2 第二の前提、つまり超越する神秘の存在に関しては、明らかに、これを認めない宗教がある。この様な宗教の場合、当然第三の前提をも認める訳には行かないであろう。所で、この第二の前提は、果たして普遍妥当であり、正常な人間ならば、誰でも問題なく受け入れ得るだろうか。事実問題としてこの前提を受け入れない人々は少なくない。しかし、全宇宙の創造主たる超越神の存在の主張、つまり、全宇宙に対立する神秘が在ること、そしてこれは、誰でもがその理性を正常に働かせさえすれば認めることが出来るものであると、の主張は、それほど明白だろうか。論理必然性による結論であろうか。ここで詳述する余裕はないが、結論を言えば、この主張は、凡ゆる理性を必然的に納得させる程明白ではない。従ってこれを認めないことは、もう一つ別の考え方であって、必ずしも誤謬と言う訳には行かないのではないか。確かに吾々の宇宙観を容認した後は、この宇宙観に対して誤謬と言うことは出来るが、これは一種の悪循環論法である。何れにせよ、このことは、この第二の前提は、ある程度違った仕方で概念化される可能性のあることを示唆しているのではないだろうか。誤解を恐れずに敢えて言えば、人が救われるのは「事実」に依ってであって、「言葉」に依ってではないだろう。

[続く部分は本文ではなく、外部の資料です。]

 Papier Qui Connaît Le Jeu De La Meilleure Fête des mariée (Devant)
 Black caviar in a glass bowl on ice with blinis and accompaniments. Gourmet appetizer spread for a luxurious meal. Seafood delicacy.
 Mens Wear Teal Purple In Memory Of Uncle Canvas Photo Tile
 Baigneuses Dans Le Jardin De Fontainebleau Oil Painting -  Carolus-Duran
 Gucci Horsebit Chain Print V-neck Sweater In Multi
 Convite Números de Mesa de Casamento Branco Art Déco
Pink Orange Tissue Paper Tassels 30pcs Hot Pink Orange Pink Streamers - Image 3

 更に、問題をもっと具体的に、詳細に眺めるならば、確かに、カトリック神学が、概念化しているような、「超越する神秘」を立てない宗教も少なくないが、しかしその様な場合でも、「事実として」は、つまり日々の宗教実践の場では、この概念ではなくとも、この概念が指し示そうとしている「もの」を暗暗裡に認め、或は、少なくともそれを積極的に排除するものではないこと、は言えるのではないか(例えば、阿弥陀仏信仰)。
3 第三の前提、つまり、神秘による補完の可能性については、勿論、神秘の実在を認めない場合は、論外であるが、カトリック神学で考えられているような神秘でなくとも、何らかの仕方で「神秘的なもの」を認める場合、補完の「可能性」をどう理解するかなどについて意見の違いはあっても、原則的に同意できるものと思われる。但し、有限なものが、自らにとって全く「異質(でなければならない)

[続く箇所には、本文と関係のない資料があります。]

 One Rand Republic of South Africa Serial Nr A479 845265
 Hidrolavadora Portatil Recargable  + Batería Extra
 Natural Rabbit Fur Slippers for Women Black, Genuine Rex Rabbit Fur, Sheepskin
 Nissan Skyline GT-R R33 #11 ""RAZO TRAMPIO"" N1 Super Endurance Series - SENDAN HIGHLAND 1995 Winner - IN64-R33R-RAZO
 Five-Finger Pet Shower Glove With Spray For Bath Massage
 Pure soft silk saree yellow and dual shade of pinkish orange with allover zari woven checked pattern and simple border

」のものによってどの様にして補完され得ると理解できるだろうか。ここに一つの解き難いアポリアのあることは否め無い。しかし、これは、神秘の超越性と内在性に関する問題の一つの適用に他ならない。この点を抜きにすれば、カトリックの救済論も、もしその表現に過度に固執しなければ、その言わんとするところは、大方の宗教でも受け入れられるのではないだろうか。
 以上述べた様な救いの概念は、「総論」としては、つまり人は誰でも決定的な幸福を求め、それが満たされるのが救いであるとは、誰でもが余り異議なく認めることが出来るのではないか。しかし乍ら、「各論」となると誰でもが同意できるような結論は、中々困難である。すなわち、「究極的欲求」とは具体的に何に存するのか、経験内のものか、あるいはそれを超えるものか、この様な欲求は、現実に満たされ得るものか、もし満たされるとすれば、それは何によって、どの様に満たされるのか、などと言う問題に対する答えは、前述の様に夫々の人の宇宙観、人間観などに左右されるものであるから、統一見解は難しい。極く抽象的に結論を言えば、基本的には、どの様な救済論でも上述の「総論」を認めるのは困難ではないだろう。「各論」に対しては、カトリックの救済論が、本質的には、人間の側からの救いの条件を認めないのであるからこの救済論の前提を直接的、積極的に(例えば超越的な神は、人間の究極の幸福と基本的に矛盾すると言う風に)否定しない限り、どの様な宗教の救済論も或程度これと調和する可能性があると言えよう。換言すれば、具体的な「事実」、例えば、イエス・キリスト、玄義、秘跡、教会などをそのまま受け入れるのは、困難であるが、理論としてのカトリックの「救済論」は、どの宗教ともそれほど矛盾するものではない、と言っていいのではないか。

2009年5月22日金曜日

普遍救済意志

神秘の普遍救済意志、つまり、神秘は、人間の一部分を救うことだけを意志しているのでなく、あらゆる人間を例外なく救済することを意志する、との主張について簡単に触れる。先ず、この概念には、「救い」若しくは、「救済」の概念が前提となっている。従って、救いとはなにか、そもそも人間は、救われねばならないのか、と言う根本的な問題が問われねばならない。この設問は、余りにも常軌を逸しているようだが、それぞれの宗教における「救い」の概念を理解する作業仮説として意味があろう。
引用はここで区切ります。